Lyon – Rontalon


13 Juillet 2022,

9h du matin, j’émerge d’une nuit passée au milieu de meubles, cartons, cabas constituant le déménagement de mes colocataires. J’ai passé cette dernière nuit à la coloc sur un morceau de canapé complété d’une table basse pour soutenir mes pieds et d’un drap pour adoucir la surface. Je m’active en rangeant rapidement les dernières affaires me permettant de sortir des sacoches ma tenue de vélo avant de sauter dans la douche. Alors que je me finis de me savonner, la sonnette retentit : c’est probablement une amie rencontrée à l’altertour l’année passée qui doit déjà être là, légèrement en avance. J’attrape une serviette que j’enroule autour de mes hanches pour lui ouvrir. Claire est là sur le palier à m’attendre avec un sourire communicatif, je lui propose de rentrer tranquillement et de poser son vélo dans un coin, le temps que je finisse de me sécher et me changer.

Cycliste aguerri, je lui ai proposé, un peu en dernière minute, d’éventuellement m’accompagner sur mes premières étapes si cela lui était possible. A défaut et faute de nouvelles récentes, elle est venue me voir avant mes premiers coups de pédale, afin d’en savoir un peu plus sur mon projet. Je lui explique que l’idée est de faire le tour de la péninsule ibérique. Sans réelle contrainte de temps, je pense, à l’heure du départ, voyager jusqu’en novembre avant de rendre visite à mon frère, parti en Thaïlande depuis un an.

L’unique contrainte temporelle est d’atteindre Valencia, en Espagne, pour le 10 août, afin de participer à un festival de forro auquel je me suis inscrit. C’est avec cet objectif encore lointain que je tire un de mes fils conducteurs du voyage : danser, rencontrer les communautés de danseurs de forro qui se trouveront sur ma route. Un autre brin de cette tresse directive est celui représenté par les quelques outils que j’emporte avec moi : un kit de tournevis assez complet me permettant d’ouvrir bon nombre d’appareils électroménagers high-tech et de potentiellement les réparer ou entretenir grâce au petit fer à souder et multimètre contenus dans un autre petit kit. Enfin, et évidemment, le dernier brin de cette tresse est le vélo, partage d’expérience, récit, mécanique, exploit et que sais-je encore.

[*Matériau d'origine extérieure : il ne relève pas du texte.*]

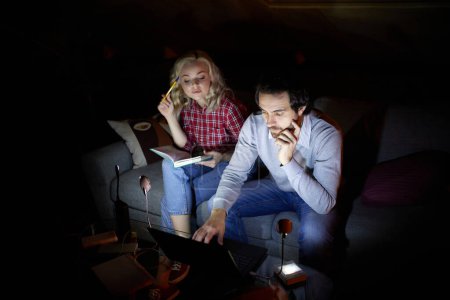 Photo for Man and woman, couple sitting on sofa at home in the evening and studying, working with little light of battery lamp. No electricity, blackout. Concept of power outage, online education, freelance - Royalty Free Image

Claire connaissant mes questionnements de l’année passée me demande « et alors ton boulot, tu l’as quitté ? ». Oui en effet, depuis début mai j’ai arrêté mon boulot d’ingénieur, j’ai décidé de prendre ce temps pour voyager, laisser infuser et distiller les envies qui me mèneront probablement à devenir boulanger par la suite si l’envie actuelle persiste et prend forme. En écho à sa question je lui demande où elle en est de son côté, puisqu’elle a également arrêté son travail d’ingénieur l’année passée. Elle aura eu le temps pendant cette année d’apprendre un métier : elle a suivi un CAP à distance à son rythme et l’a passé trois semaines auparavant. Cela lui permettra d’être au fait des normes électriques actuelles pour les différents bricolages qu’elle sera amenée à mettre en œuvre à l’avenir et de pouvoir exercer un métier du bâtiment plus manuel mais pas trop pénible.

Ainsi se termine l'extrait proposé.